Recently, the Ion Adsorption Science and Technology Research team at Qinghai Institute of Salt Lakes, CAS has achieved new progress in electrochemical ion extraction. To address the challenges of low capacity, poor selectivity, and slow kinetics in lithium extraction from brine with high Na/K/Mg ratios, the team pioneered the application of electroactive organic molecular ion-adsorbent materials for brine resource extraction.

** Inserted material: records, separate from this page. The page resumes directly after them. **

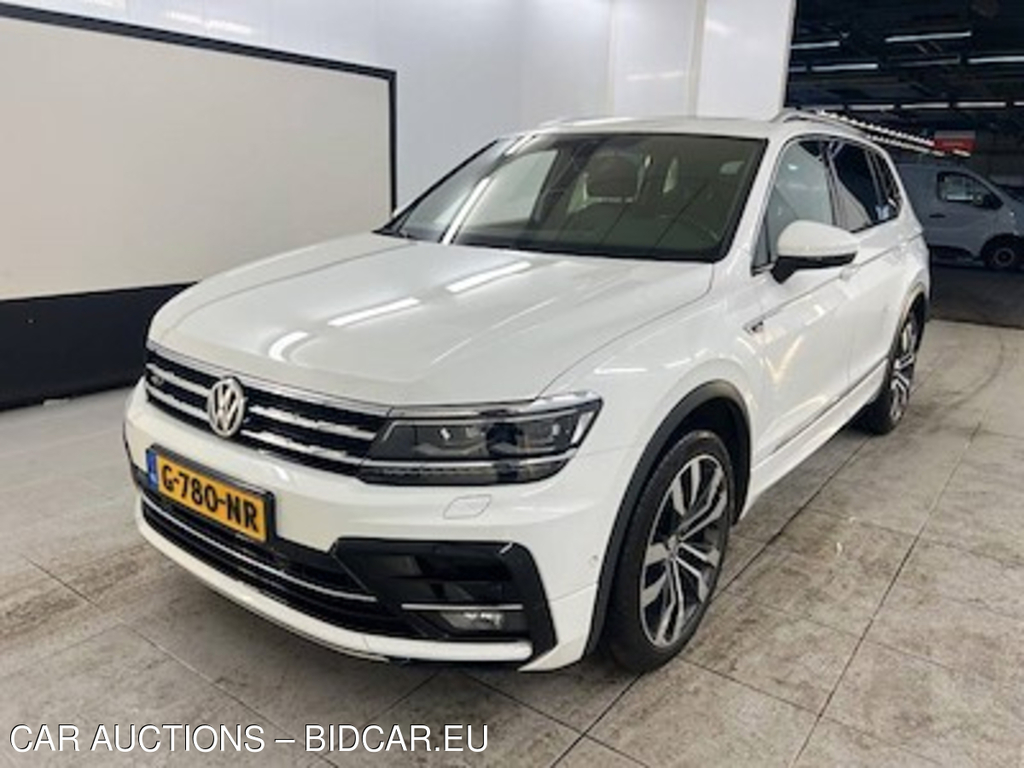 Volkswagen Tiguan allspace 1.5 TSI 150pk 7-DSG Highline Business R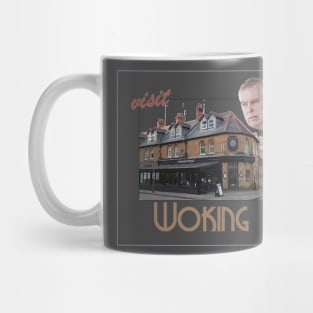 Visit Woking Mug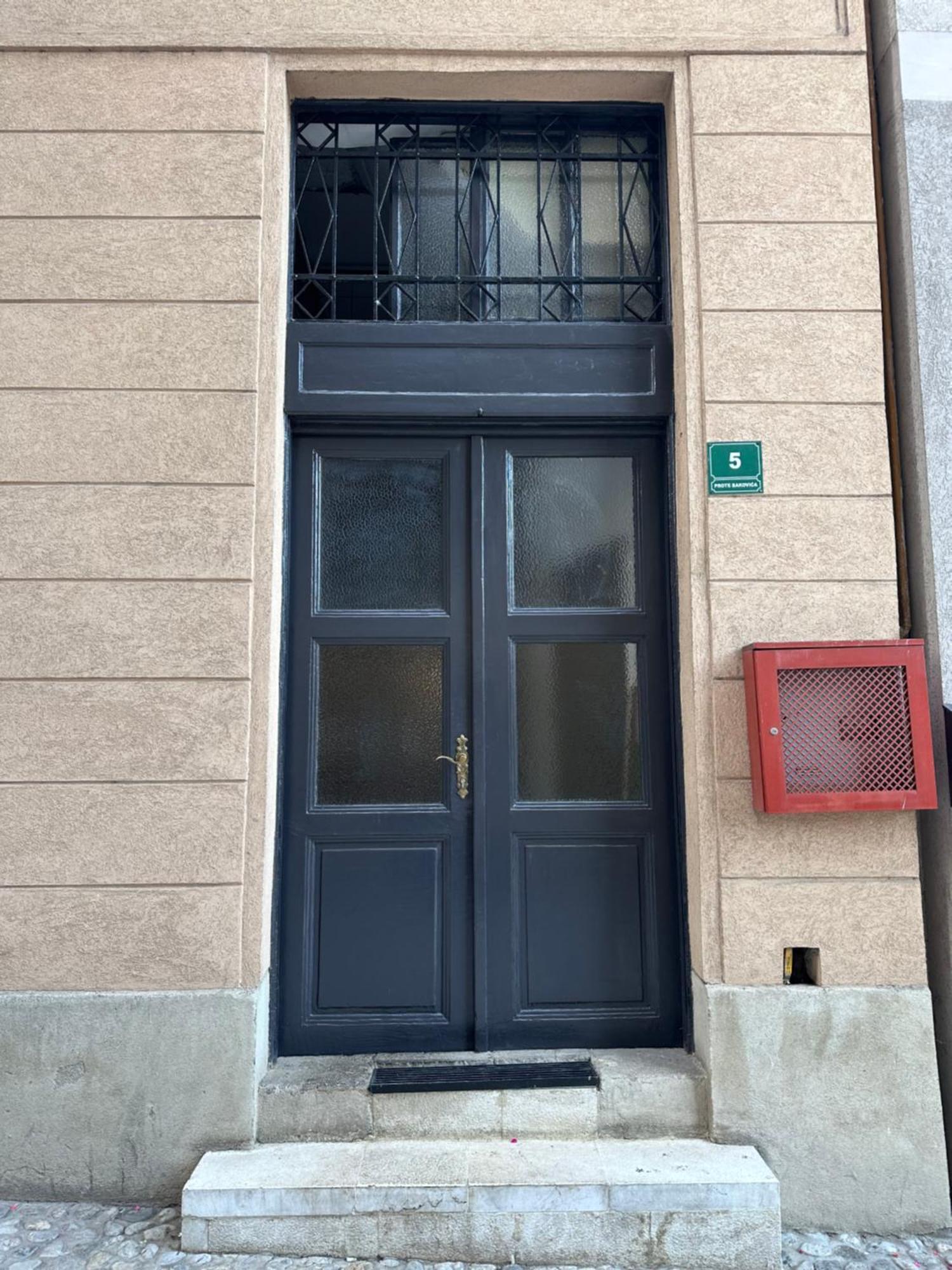 Bascarsija Suite Sarajevo Bagian luar foto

To overcome structural collapse caused by ion-intercalation-induced volume expansion, the team proposed an innovative strategy for stabilizing crystal structures through intermolecular force networks. Using phenazine as a model system, orthogonal molecular stacking was proven to create robust intermolecular networks and ion-selective nanochannels. This structure not only mitigates mechanical failure from volume expansion but also provides lithiophilic nanochannels with atomic-scale Li⁺ selectivity, achieving a record capacity of 109 mg/g. This study fundamentally elucidates the physicochemical principles linking molecular stacking to macroscopic electrochemical stability and ion selectivity.
Polyaniline (PANI) is widely used in energy storage, environmental remediation, and ion separation due to its excellent conductivity and reversible doping properties. In-situ electrochemical spectroscopy confirmed that a "low-potential" strategy suppresses coupling side reactions, yielding oligomeric linear PANI with nanotip structures. This unique architecture enhances nitrogen-site accessibility, achieving breakthrough Cl⁻ (339 mg/g) and Na⁺ (142 mg/g) adsorption capacities.
Published in Nano Letters (DOI:10.1021/acs.nanolett.5c03784) and Chemical Engineering Journal (DOI:10.1016/j.cej.2025.168274)